Using the GAN models in iOS

If you try to use the TensorFlow pod in your iOS app and load the gan_mnist.pb file, you'll get an error:

Could not create TensorFlow Graph: Invalid argument: No OpKernel was registered to support Op 'RandomStandardNormal' with these attrs. Registered devices: [CPU], Registered kernels:
<no registered kernels>
[[Node: z_1/RandomStandardNormal = RandomStandardNormal[T=DT_INT32, _output_shapes=[[50,100]], dtype=DT_FLOAT, seed=0, seed2=0](z_1/shape)]]

Make sure your tensorflow/contrib/makefile/tf_op_files.txt file has tensorflow/core/kernels/random_op.cc, which implements the RandomStandardNormal operation, and the libtensorflow-core.a is built with tensorflow/contrib/makefile/build_all_ios.sh after the line is added to tf_op_files.txt.

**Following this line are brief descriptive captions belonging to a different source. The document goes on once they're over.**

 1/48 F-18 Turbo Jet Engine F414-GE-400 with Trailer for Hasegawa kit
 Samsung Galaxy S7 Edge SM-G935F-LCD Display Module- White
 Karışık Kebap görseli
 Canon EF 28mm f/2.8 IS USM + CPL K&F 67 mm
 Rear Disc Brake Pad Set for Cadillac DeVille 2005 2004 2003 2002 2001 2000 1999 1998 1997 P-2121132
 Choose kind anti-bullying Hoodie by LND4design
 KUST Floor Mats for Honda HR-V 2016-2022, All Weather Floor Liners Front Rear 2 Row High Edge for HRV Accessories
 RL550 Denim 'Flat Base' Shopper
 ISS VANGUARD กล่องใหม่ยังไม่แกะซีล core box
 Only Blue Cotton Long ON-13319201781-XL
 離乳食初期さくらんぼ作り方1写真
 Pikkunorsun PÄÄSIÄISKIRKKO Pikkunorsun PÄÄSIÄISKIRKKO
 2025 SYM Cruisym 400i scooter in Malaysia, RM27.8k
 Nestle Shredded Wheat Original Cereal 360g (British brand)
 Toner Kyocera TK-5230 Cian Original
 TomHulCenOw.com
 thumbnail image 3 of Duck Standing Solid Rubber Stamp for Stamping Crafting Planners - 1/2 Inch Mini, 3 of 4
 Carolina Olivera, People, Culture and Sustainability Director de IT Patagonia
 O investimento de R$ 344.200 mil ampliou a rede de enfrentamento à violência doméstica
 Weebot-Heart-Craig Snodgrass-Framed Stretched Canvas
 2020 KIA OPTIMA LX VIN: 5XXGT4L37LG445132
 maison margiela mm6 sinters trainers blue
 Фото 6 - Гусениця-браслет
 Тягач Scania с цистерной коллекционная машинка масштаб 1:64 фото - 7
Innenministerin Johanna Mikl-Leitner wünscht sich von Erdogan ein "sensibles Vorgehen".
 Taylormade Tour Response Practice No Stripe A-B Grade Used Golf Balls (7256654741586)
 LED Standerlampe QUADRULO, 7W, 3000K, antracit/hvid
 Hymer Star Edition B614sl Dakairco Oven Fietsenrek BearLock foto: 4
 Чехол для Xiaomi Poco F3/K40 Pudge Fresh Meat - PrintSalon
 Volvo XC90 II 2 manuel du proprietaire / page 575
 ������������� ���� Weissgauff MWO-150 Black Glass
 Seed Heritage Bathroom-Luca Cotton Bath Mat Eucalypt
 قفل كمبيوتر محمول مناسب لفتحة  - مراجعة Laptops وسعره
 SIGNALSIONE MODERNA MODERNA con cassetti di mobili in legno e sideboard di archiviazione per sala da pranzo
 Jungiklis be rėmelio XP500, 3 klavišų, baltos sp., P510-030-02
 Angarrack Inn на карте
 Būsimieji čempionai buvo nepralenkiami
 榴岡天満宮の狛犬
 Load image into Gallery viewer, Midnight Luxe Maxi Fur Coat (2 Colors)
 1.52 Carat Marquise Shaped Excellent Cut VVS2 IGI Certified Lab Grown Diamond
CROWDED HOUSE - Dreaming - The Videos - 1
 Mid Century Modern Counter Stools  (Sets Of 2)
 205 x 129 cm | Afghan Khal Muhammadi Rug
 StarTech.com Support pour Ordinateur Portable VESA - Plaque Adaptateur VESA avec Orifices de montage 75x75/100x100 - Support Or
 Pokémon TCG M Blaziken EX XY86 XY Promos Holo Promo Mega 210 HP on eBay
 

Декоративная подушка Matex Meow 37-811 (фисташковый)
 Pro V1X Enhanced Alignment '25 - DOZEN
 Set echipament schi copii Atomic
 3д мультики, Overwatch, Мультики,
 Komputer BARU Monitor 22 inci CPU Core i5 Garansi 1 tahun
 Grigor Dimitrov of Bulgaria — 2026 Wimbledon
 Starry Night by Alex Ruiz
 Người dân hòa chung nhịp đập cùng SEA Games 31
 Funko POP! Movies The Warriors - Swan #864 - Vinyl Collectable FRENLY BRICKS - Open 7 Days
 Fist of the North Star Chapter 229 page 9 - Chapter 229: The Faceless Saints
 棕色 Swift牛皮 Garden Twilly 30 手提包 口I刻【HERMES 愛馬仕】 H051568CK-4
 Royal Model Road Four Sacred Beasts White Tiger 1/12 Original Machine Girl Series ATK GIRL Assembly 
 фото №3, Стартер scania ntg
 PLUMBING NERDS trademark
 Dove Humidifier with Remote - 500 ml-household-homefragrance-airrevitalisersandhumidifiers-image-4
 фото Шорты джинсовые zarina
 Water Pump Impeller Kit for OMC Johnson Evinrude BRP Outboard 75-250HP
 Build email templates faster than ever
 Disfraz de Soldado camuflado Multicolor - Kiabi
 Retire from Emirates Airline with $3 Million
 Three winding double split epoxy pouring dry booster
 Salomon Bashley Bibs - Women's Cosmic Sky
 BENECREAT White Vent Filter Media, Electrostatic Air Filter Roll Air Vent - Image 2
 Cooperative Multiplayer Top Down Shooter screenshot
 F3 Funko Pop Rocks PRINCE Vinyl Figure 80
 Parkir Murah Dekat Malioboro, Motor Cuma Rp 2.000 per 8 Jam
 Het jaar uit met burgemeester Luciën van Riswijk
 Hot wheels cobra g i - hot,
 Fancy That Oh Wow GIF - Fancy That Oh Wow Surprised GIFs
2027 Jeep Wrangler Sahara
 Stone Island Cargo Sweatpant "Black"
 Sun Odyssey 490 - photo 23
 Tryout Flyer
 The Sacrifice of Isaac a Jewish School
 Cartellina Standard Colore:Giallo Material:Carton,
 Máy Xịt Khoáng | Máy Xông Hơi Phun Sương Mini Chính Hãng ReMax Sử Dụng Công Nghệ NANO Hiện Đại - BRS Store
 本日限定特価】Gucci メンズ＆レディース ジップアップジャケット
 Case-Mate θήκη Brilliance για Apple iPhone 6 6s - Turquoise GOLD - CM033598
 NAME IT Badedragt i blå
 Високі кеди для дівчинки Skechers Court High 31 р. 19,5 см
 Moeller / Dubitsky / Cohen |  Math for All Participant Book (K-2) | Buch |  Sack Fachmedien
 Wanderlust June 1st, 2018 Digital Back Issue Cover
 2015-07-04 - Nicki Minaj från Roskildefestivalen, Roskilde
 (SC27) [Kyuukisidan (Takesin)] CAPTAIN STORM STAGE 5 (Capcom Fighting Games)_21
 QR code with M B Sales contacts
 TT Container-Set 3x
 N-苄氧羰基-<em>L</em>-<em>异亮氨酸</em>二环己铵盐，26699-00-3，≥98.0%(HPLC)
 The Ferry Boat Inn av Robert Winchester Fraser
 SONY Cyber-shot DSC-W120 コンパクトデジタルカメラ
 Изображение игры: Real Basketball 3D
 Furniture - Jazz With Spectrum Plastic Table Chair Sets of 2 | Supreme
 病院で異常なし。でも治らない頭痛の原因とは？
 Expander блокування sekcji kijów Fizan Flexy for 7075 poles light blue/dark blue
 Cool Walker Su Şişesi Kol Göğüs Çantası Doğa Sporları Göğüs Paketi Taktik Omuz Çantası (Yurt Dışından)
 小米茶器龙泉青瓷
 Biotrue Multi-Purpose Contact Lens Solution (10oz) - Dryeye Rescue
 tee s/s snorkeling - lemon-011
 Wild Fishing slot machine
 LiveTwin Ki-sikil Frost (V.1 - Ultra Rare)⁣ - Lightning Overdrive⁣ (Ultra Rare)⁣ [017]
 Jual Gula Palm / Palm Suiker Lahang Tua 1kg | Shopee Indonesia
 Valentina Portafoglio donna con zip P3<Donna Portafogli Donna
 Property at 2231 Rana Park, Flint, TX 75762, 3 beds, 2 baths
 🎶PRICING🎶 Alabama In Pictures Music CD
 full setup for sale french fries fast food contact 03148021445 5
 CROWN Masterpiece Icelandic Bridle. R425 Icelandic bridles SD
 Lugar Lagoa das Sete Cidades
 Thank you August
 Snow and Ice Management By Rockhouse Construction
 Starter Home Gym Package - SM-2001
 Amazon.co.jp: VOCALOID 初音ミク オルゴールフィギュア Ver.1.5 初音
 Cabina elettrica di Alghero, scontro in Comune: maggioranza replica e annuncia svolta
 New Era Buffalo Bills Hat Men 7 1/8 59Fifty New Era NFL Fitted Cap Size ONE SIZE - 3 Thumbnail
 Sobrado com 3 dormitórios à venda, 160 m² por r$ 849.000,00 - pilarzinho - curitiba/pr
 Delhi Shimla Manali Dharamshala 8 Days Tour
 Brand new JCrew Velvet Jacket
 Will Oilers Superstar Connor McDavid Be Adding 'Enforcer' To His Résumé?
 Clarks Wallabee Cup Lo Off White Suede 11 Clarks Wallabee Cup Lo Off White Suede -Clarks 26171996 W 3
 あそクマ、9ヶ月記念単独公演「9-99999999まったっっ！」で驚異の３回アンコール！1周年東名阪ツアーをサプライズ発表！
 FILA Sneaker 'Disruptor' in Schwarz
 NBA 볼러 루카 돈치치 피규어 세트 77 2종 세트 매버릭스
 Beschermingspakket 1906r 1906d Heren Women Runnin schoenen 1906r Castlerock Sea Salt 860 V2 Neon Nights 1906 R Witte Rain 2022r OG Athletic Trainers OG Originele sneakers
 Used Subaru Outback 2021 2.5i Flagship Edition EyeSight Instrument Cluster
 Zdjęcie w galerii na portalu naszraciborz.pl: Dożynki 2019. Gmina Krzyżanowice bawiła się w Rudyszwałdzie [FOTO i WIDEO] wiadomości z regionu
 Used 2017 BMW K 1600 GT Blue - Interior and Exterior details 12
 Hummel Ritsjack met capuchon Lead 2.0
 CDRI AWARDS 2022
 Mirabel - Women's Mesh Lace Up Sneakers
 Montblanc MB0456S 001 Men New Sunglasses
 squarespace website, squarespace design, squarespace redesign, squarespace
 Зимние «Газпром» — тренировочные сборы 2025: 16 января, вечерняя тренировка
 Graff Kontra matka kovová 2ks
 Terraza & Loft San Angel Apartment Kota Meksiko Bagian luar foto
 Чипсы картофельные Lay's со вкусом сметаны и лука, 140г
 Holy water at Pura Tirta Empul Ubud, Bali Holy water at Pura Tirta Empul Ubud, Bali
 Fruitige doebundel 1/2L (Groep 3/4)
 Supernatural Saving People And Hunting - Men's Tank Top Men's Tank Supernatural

Furthermore, if you try to load the pix2pix_transformed_memmapped.pb even in the custom TensorFlow library built with TensorFlow 1.4, you'll get the following error:

No OpKernel was registered to support Op 'FIFOQueueV2' with these attrs. Registered devices: [CPU], Registered kernels:
<no registered kernels>
[[Node: batch/fifo_queue = FIFOQueueV2[_output_shapes=[[]], capacity=32, component_types=[DT_STRING, DT_FLOAT, DT_FLOAT], container="", shapes=[[], [256,256,1], [256,256,2]], shared_name=""]()]]

You'll need to add tensorflow/core/kernels/fifo_queue_op.cc to the tf_op_files.txt and rebuild the iOS library. But if you use TensorFlow 1.5 or 1.6, the tensorflow/core/kernels/fifo_queue_op.cc file has already been added to the tf_op_files.txt file. With each new version of TensorFlow, more and more kernels are added to tf_op_files.txt by default.

With the TensorFlow iOS library built for our models, let's create a new project named GAN in Xcode and set up TensorFlow in the project as we did in Chapter 8, Predicting Stock Price with RNN, and other chapters not using the TensorFlow pod. Then drag and drop the two model files gan_mnist.pb and pix2pix_transformed_memmapped.pb and one test image to the project. Also, copy the tensorflow_utils.htensorflow_utils.mmios_image_load.h and ios_image_load.mm files from the iOS project in Chapter 6Describing Images in Natural Language, to the GAN project. Rename ViewController.m to ViewController.mm.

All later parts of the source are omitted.